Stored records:

========================================================================

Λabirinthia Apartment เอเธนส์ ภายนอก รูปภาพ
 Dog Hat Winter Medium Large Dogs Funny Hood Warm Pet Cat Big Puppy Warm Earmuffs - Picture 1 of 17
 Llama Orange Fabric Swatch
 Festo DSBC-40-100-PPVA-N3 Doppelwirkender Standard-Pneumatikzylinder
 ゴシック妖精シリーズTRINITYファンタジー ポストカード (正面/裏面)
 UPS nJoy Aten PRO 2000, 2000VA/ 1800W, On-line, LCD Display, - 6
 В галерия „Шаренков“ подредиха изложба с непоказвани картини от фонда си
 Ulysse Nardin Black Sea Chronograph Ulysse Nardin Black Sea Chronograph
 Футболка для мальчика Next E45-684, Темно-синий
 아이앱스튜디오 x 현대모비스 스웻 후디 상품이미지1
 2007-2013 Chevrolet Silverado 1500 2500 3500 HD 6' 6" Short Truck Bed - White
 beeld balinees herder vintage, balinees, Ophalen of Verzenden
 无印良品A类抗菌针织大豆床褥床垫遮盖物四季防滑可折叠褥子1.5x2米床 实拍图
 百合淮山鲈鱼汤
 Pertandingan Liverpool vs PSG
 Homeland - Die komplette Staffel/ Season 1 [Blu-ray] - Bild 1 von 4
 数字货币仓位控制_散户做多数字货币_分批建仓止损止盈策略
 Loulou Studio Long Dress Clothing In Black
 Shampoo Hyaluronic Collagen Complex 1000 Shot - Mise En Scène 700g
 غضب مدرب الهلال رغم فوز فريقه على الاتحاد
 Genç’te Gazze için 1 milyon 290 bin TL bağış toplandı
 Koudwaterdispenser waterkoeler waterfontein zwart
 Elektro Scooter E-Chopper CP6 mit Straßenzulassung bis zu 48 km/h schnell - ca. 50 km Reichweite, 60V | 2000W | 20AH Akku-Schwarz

========================================================================

**AIM OF THE EXERCISE**. The lines to extract from the data above begin with the line containing "Футболка для мальчика" and end with the line containing "beeld balinees herder". Extract them exactly, including both.

**RESULT**.
 Футболка для мальчика Next E45-684, Темно-синий
 아이앱스튜디오 x 현대모비스 스웻 후디 상품이미지1
 2007-2013 Chevrolet Silverado 1500 2500 3500 HD 6' 6" Short Truck Bed - White
 beeld balinees herder vintage, balinees, Ophalen of Verzenden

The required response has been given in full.